Smoke ’em if you got ’em
Thank You for Smoking brings biting satire to the mainstream
Nick Naylor (Aaron Eckhart) is one charming fellow, and unfortunately for the folks who trade in outrage, he’s also the more-than-effective spin doctor for the big tobacco lobby. When ambushed on a talk show with a teen smoker diagnosed with cancer, it’s his duty to remind viewers that it is not in his bosses’ interests to have their customers dying, but in the interests of the anti-smoking crusaders to traffic in the misery.
When a former Marlboro man (Sam Elliott) is using his untreatable case of lung cancer as a crusade against smoking, it’s Nick’s assignment to be the drop man and swing by the man’s ranch with a briefcase of hush money. And when a state senator from Vermont (William H. Macy) unveils a campaign to label packs of cigarettes with the image of a skull and crossbones, it’s only in the spirit of fairness for Nick to point out that cholesterol is the leading cause of death of Americans, and that darned Vermont cheese is just loaded with the artery-clogging killer.
Needless to say, Nick doesn’t have a lot of friends, save for Polly (Monica Bello) of the alcohol lobby and Bobby Jay (David Koechner) of the gun lobby, who compare notes over lunch in their unofficial capacity as The MOD Squad (a.k.a. Merchants of Death).
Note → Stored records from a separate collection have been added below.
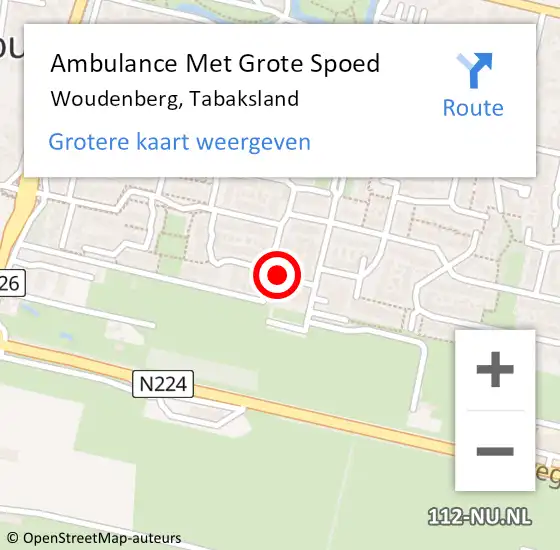 Locatie op kaart van de 112 melding: Ambulance Met Grote Spoed Naar Woudenberg, Tabaksland op 13 april 2014 14:24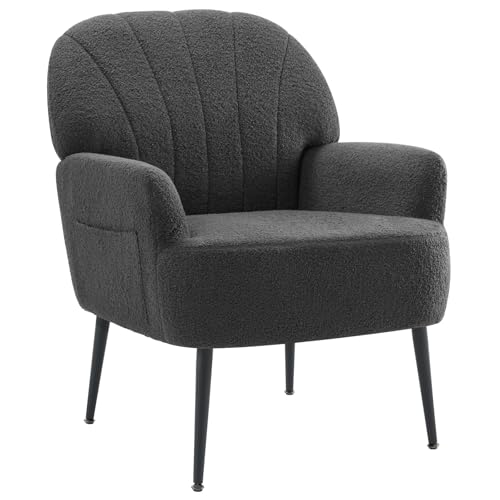 IWMH Sessel Schlafzimmer Wohnzimmer, Kunstfell Loungesessel Bequemer mit Armlehnen und Einer Seitentasche, stühle Gemütlich, polstersessel Lesesessel mit Metallbeinen (Grau) von IWMH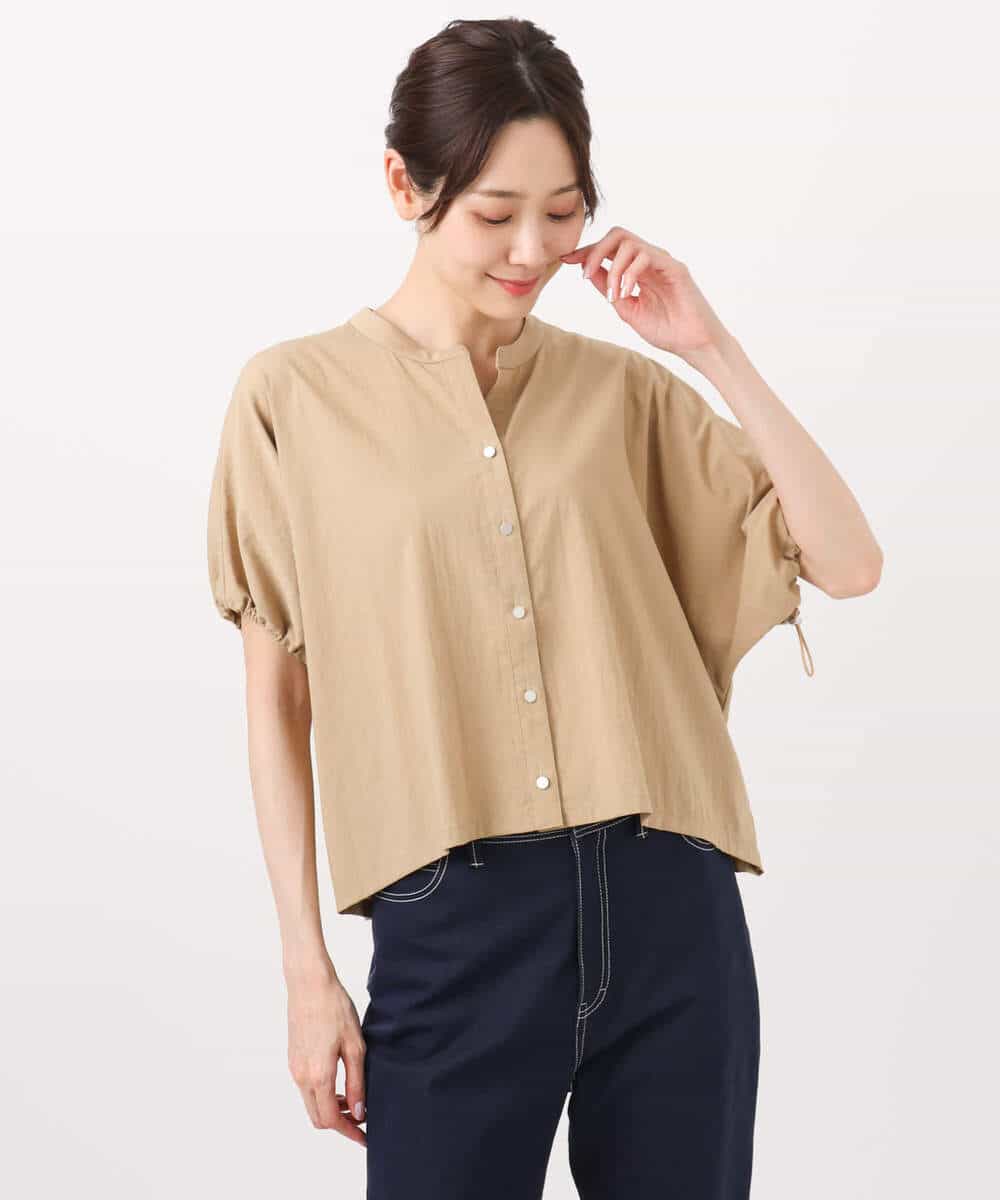FKBHA62120 MK MICHEL KLEIN(MK ミッシェルクラン) スキッパーデザインブラウス/UVカット/接触冷感/洗える ベージュ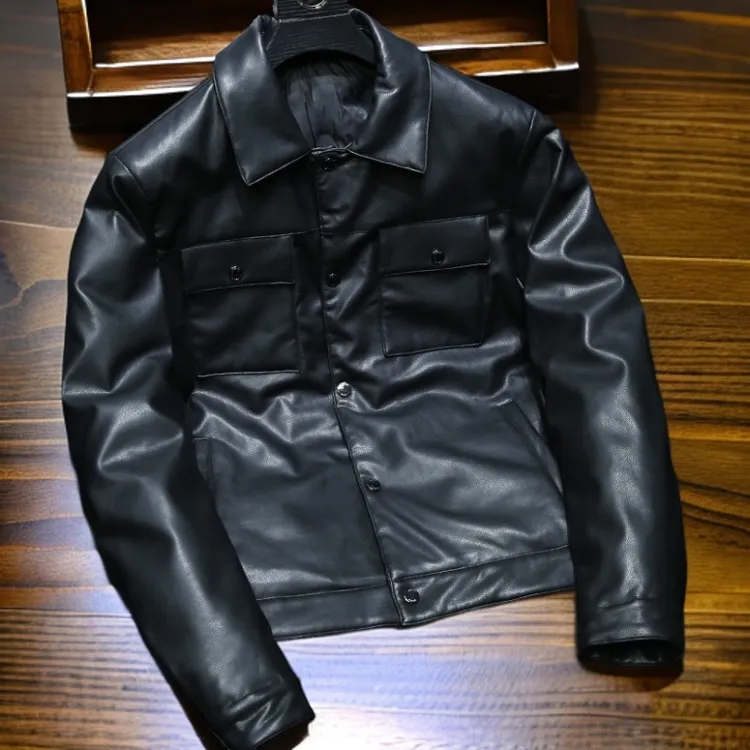 维斯克纳男士短款皮衣羽绒服冬季新款潮流休闲百搭保暖防寒外套男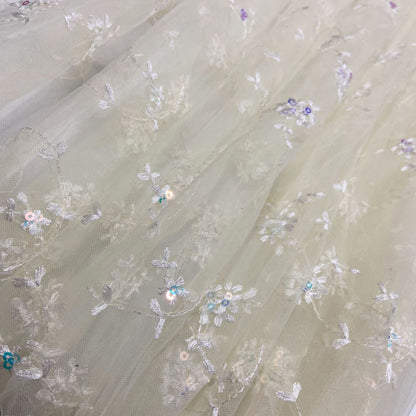 Embroidered Sequin Mesh, Floral, 51 in Wide - Pale Yellow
Things are going well for Nick; the mortgage is getting paid, his son (the seemingly omnipresent Cameron Bright) looks up to him, and that cute reporter from The Washington Probe (Katie Holmes) seems to have an insatiable taste for his flesh. In a good way. He thinks.
But of course everything is just about to blow up in his face.
As the old saw goes, satire is something that closes on Saturday. Which conveniently enough gets to be put to the test, as Thank You for Smoking (based on the novel by Christopher Buckley, a highly recommended read along with his UFO conspiracy satire, Little Green Men) opened on the same day as satire’s lowbrow-cousin parody, Scary Movie 4.
TYFS is one of the cleverest examples of satire that has hit mainstream theaters in quite a while—deftly amusing and incisive without succumbing to hamfistedness to drive home a point, and more than ably crewed by a perfectly cast ensemble of familiar faces.
Credit first-time director Jason Reitman (son of Ivan) with adapting and updating the material and staying commendably true to the source material, while maintaining a consistently brisk pacing throughout. Given the subject matter, all involved manage to invert perceptions without being offensive and still deliver solid entertainment.